[Theory] TODAY: 9/20 Talks at TTIC: Idan Attias, IDEAL Institute (10:30am)

Mary Marre via Theory theory at mailman.cs.uchicago.edu
Fri Sep 20 09:30:00 CDT 2024


*Please Note! Time Changed from 11am to 10:30 am CT *

*When*:    Friday, September 20, 2024 at* 10:30** am** CT *

*Where*:   Talk will be given *live, in-person* at
               TTIC, 6045 S. Kenwood Avenue
               5th Floor, *Room 530*

*Virtually*:  * view talk here*
<https://uchicago.hosted.panopto.com/Panopto/Pages/Viewer.aspx?id=3623eef8-0273-43dd-8383-b1ef01038b31>

*Who:  *    Idan Attias, IDEAL Institute


*Title:* Information Complexity of Stochastic Convex Optimization:
Applications to Generalization, Memorization and Privacy
*Abstract:* Despite intense study, the relationship between generalization
and memorization in machine learning has yet to be fully characterized.
Classically, ideal learning algorithms would primarily extract relevant
information from their training data, avoiding memorization of irrelevant
information.

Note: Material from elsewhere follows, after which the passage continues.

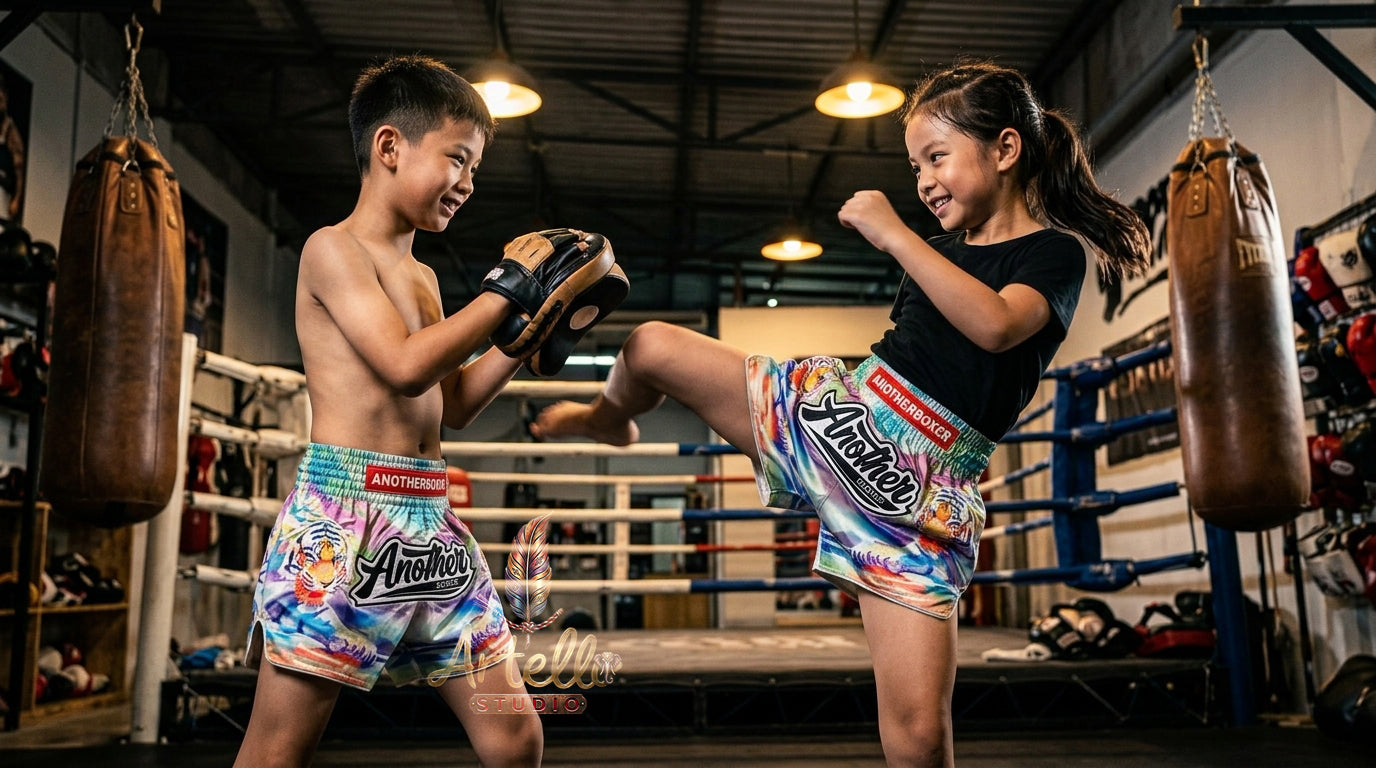 🥊 Muay Thai Shorts Kickboxing MMA Fight Shorts for Men Women Kids – Thai Boxing Training Gear, Breathable Quick Dry Martial Arts Combat Shorts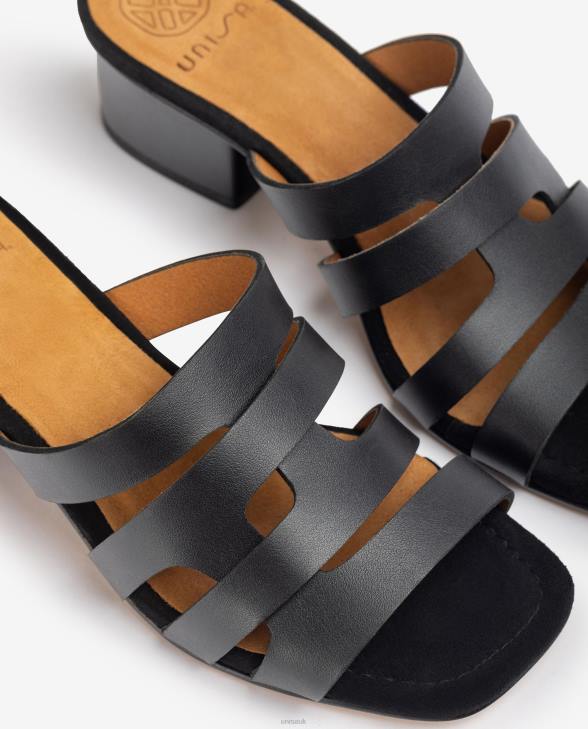 Women Unisa Wide vamp sandal with decorative perforations Black0X8N303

This intuition is supported by theoretical work demonstrating
the benefits of limited memorization for strong generalization. This
intuition, however, is challenged by the success of modern
overparameterized deep neural networks. These models often achieve high
test accuracy despite memorizing a significant number of training data.
Recent studies suggest that memorization plays a more complex role in
generalization than previously thought: memorization might even be
necessary for good generalization.

In this work, we investigate the interplay between memorization and
learning in the context of stochastic convex optimization (SCO). We define
memorization via the information a learning algorithm reveals about its
training data points. We then quantify this information using the framework
of conditional mutual information (CMI) proposed by Steinke and Zakynthinou
[SZ20]. Our main result is a precise characterization of the tradeoff
between the accuracy of a learning algorithm and its CMI, answering an open
question posed by Livni [Liv23]. We show that in the Lipschitz–bounded
setting and under strong convexity, every learner with an excess error ε
has CMI bounded below by Ω(1/ε^2 ) and Ω(1/ε), respectively. We further
demonstrate the essential role of memorization in learning problems in SCO
by designing an adversary capable of accurately identifying a significant
fraction of the training samples in specific SCO problems. Finally, we
enumerate several implications of our results, such as a limitation of
generalization bounds based on CMI and the incompressibility of samples in
SCO problems.

*Bio:* Idan Attias is a postdoctoral researcher at the IDEAL Institute,
hosted by Lev Reyzin (UIC) and Avrim Blum (TTIC). He obtained his Ph.D. in
Computer Science under the supervision of Aryeh Kontorovich (BGU) and
Yishay Mansour (TAU and Google Research). He also holds a B.Sc. in
Mathematics and Computer Science from TAU.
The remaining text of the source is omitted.